--- DATA SUPPLIED ---

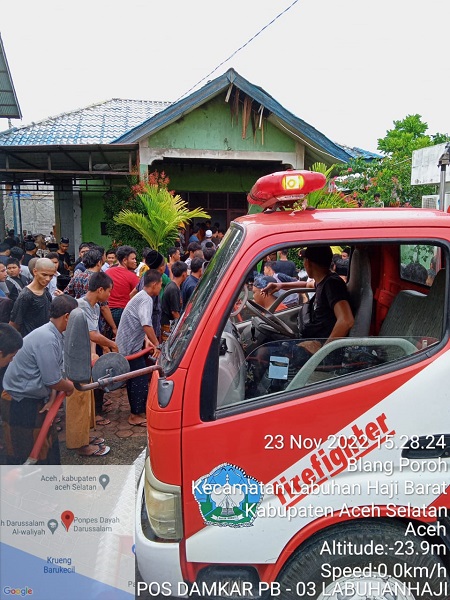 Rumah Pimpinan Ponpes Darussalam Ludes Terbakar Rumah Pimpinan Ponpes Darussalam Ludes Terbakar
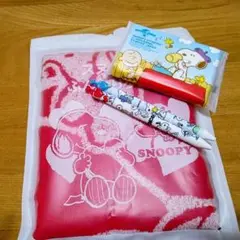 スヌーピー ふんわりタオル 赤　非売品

---
--- DATA SUPPLIED ---

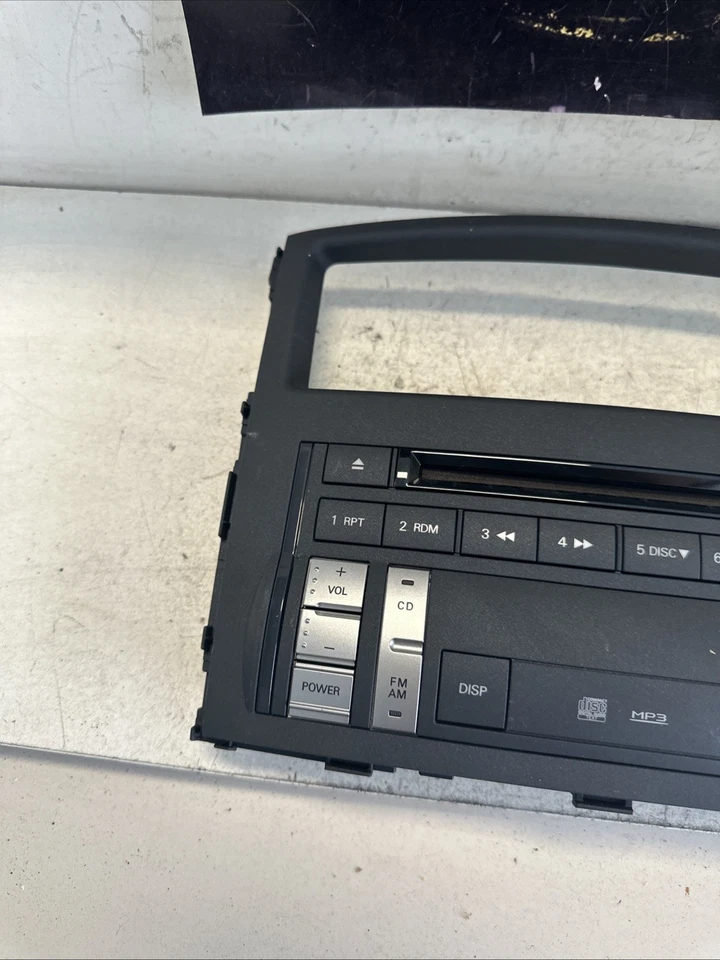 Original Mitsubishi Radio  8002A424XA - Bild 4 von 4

---

Print exactly, with no pictures, the lines above from the one that holds "Rumah Pimpinan Ponpes Darussalam Ludes Terbakar Rumah" through the one that holds "スヌーピー ふんわりタオル 赤　非売品", both of them included.

 Rumah Pimpinan Ponpes Darussalam Ludes Terbakar Rumah Pimpinan Ponpes Darussalam Ludes Terbakar
 スヌーピー ふんわりタオル 赤　非売品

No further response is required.